The thing is, it is not only direct, it’s explicit. It doesn’t have any conditions, it doesn’t have loops, it doesn’t have exit criteria or any counters. It’s basically a formula that grows with the dimension. I only wrote a piece of code that generalizes this formula in order to win some microseconds on small systems, but it turns out, modern compilers are extremely good in optimizing explicit computations. They can do pretty amazing things with it.
First of all. If you have your matrix and your vector both static — it will solve your system statically as well. This means completely at compile time, no run-time overhead apart from copying the answer from one place of RAM to registers.
This is explained in more details in Vastly Outperforming LAPACK with C++ Metaprogramming.
Maybe this looks just like a party trick. Not really practical. However, if you have a static matrix and a dynamic vector, it will still pre-compute a Cramer’s rule determinant and all the minors it can statically, so the run-time solution will be as cheap as possible. And solving semi-static problems is a common problem in practice.
For example, if you compute a ton of small spline patches in parametric space, then most of your matrices are static points of the singular cube. All the real numbers go to the vector. Or if you want to find an inverse matrix, then you do three solutions with the static basis vectors.
But that’s not all. Even if you don’t declare your matrix and vector static, but the compiler infers that some of their parts will never be touched, it can exploit this.

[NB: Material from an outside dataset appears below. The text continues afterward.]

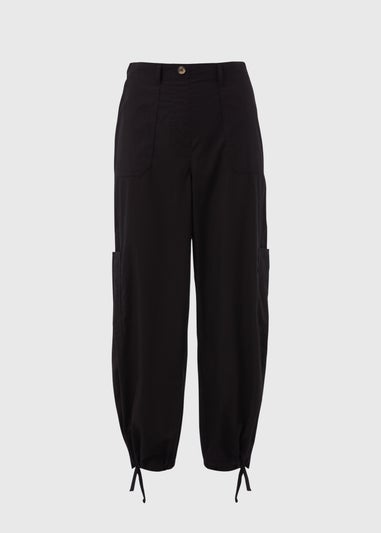 Black Poplin Crop Trousers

If some of the untouched values are ones and zeroes, it can also use this to reduce a whole bunch of needless computation. Every time you build it with some particular semi-static data, it shortens the code using algebraic optimizations to make the most efficient solver for your task.
Of course, you can do everything it does with pen and paper. But why would you? The compiler does a respectable amount of algebraic optimization, which in explicit code turns into… the very same algebra you would do manually.
It does your algebra for you. How cool is that!
Thank you for reading this! I hope this was helpful and not too boring.
Oh, whom am I kidding? If linear algebra were not boring, they would have made a prequel to it.